We work for people who find themselves trapped in a vicious circle of poverty and poor health.
Social and economic status are crucial for a person’s health. In Berlin, a metropolis of the so-called first world, people in the poorest city districts have a life expectancy almost six years shorter than those in the rich districts. In the megacities of the so-called third world, the wealthy have the same life expectancy as the people of Europe. The poor, however, die decades earlier. The daily struggle to exist, to combat hunger, lack of rights, poor education especially among women and girls, wretched living conditions, dirty drinking water and contaminated sewage, criminality, noise and environmental pollution make people ill.
Poor people are more frequently ill and often have no access to medical services. What is lacking is money and time because those who are ill are unable to work. Poor people live a hand-to-mouth existence: that which is acquired today, will be consumed today. Illness prevents them from working. And those who earn nothing are unable to eat. In this way, an illness rapidly becomes a catastrophe, not only for the sick person, but also for the entire family. "A minor illness costs a chicken, a serious one will be your ruination" as an Asian proverb has it.
"Everyone has the right to a standard of living adequate for the health and well-being of himself and of his family, including food, clothing, housing and medical care and necessary social services" (Article 25, United Nations Universal Declaration of Human Rights, 1948). The reality appears rather different: in the 21st century, 1.3 billion people are still living in abject poverty, that is to say on less than 1 USD per day, and 3 billion have to get by on less than 2 USD per day. Almost a billion of these people have no proper access to medical care.
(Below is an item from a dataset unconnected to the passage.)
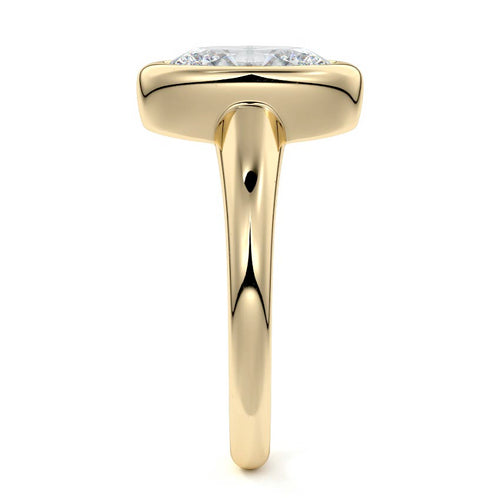 Oriana - Oval Yellow Gold Lab Grown Diamond Engagement Ring | Nura Lab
Helpless, destitute, devoid of rights, without a steady income or reliable supply of food, at risk of being displaced at any time, treated with discourtesy and lack of respect in the event of sickness – that is the reality for the very poor. Among the billions of poor people, it is especially those who exist at the very edge of society who are also the very last to be able to take advantage of medical care.
For these people, any illness or accident poses a great danger: each pregnancy puts women’s lives at risk, their children die all too often of infections that could be prevented or treated with the simplest methods. These are the people who also suffer social exclusion because they come from the so-called primitive tribes such as the pygmy people in Africa or the "Tribal People" in India. Or those who are forced to live in the most run-down districts of the already dirty slums of the megacities, in the simplest huts that are regarded as illegal settlements and thus cut off from any infrastructural facilities. And they are also the people who are still frequently outcast on account of their disfigurements caused by leprosy, Buruli ulcer or other neglected diseases.
The poorest of the poor are the people on whom we have directed our attention for the past 50 years and for whom we want to be able to do even more in future. Our goal is the improvement of their health and their living conditions. The millennium development goals should apply for them, too (see left-hand column), and they too should be able to participate in their own development as described in the Ottawa Charter.